Ways of working at the interface between primary and specialist care are considered with discussion of the limits of available evidence and the potential for a new role for psychiatrists in providing supervision and consultation in novel models of care.

Type
Editorials
Copyright
Copyright © Royal College of Psychiatrists, 2011 

There is considerable international policy interest in cost-effective ways of working at the interface between primary and specialist care across medical specialties. 1 Although high-quality evidence to inform the development of services is still in short supply, some conclusions can be drawn about the current state of the field, including the likely impact of novel ways of working on the role of psychiatrists.

Models of interface working

A range of models for working at the primary–specialist interface are described in the international research literature (online Appendix DS1). Community mental health teams (CMHTs) and attached mental health professional models have been universally implemented across the UK, unlike consultation–liaison and collaborative care.
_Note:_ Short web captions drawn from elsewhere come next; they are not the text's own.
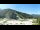 Webcam in Rateče Planica, 4.3 km entfernt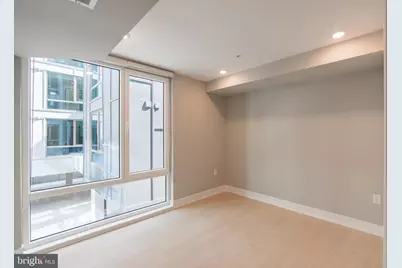 6604 Ridge Avenue #302, Philadelphia, PA 19128 - Photo 9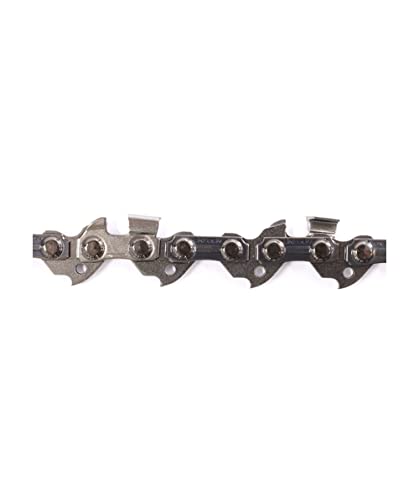 Corrente de Motoserras OREGON 90PX033E (33) Oregon Tool - Acessórios para motosserra - 33 eslabones, 1,2m, 11mm, motosserra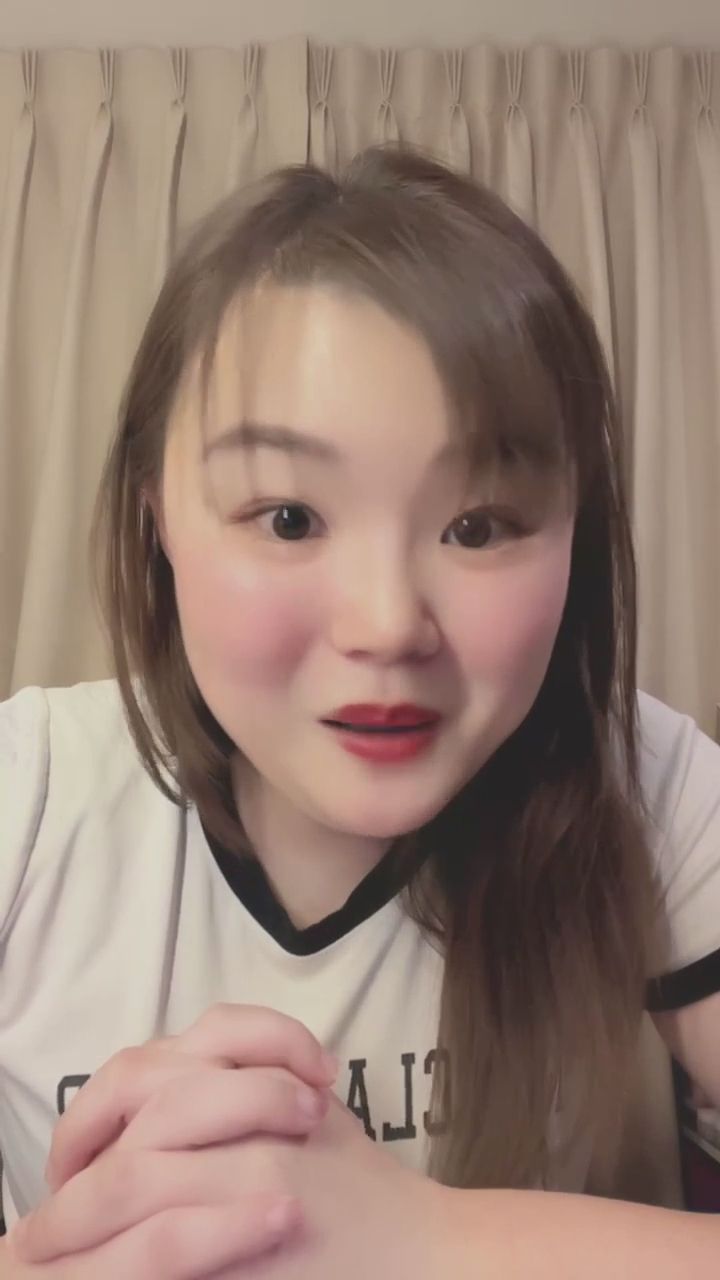 falunbangkok : 想你喔~👀✨愛你喔~ 🥰 即時用泰文表達愛意~
#鄰家女孩 #驚喜 #直播日常 #互動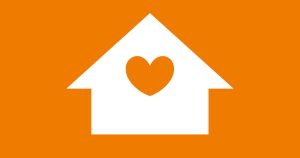 'Thuis Wonen Nu en Later' geeft inwoners van de gemeente Epe gratis voorlichting over langer zelfstandig thuis wonen.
Two further models of ‘stepped care’ and ‘matched’ care (operated by triage or ‘gateway’ workers), may be combined with the above, to determine how decisions are made about access at the interface.

Community mental health teams

Community mental health teams (multidisciplinary teams) in the UK have responded to national policy imperatives to focus care on and improve multidisciplinary treatment of severe and enduring mental illness, for which psychotic symptoms have served as a proxy measure. Within teams psychiatrists have generally managed higher case-loads, including a higher proportion of service users with a diagnosis of psychosis. Tensions arise from the need to provide a first point of assessment for referrals from primary care, and the ongoing provision of care for people with longer-term mental illness.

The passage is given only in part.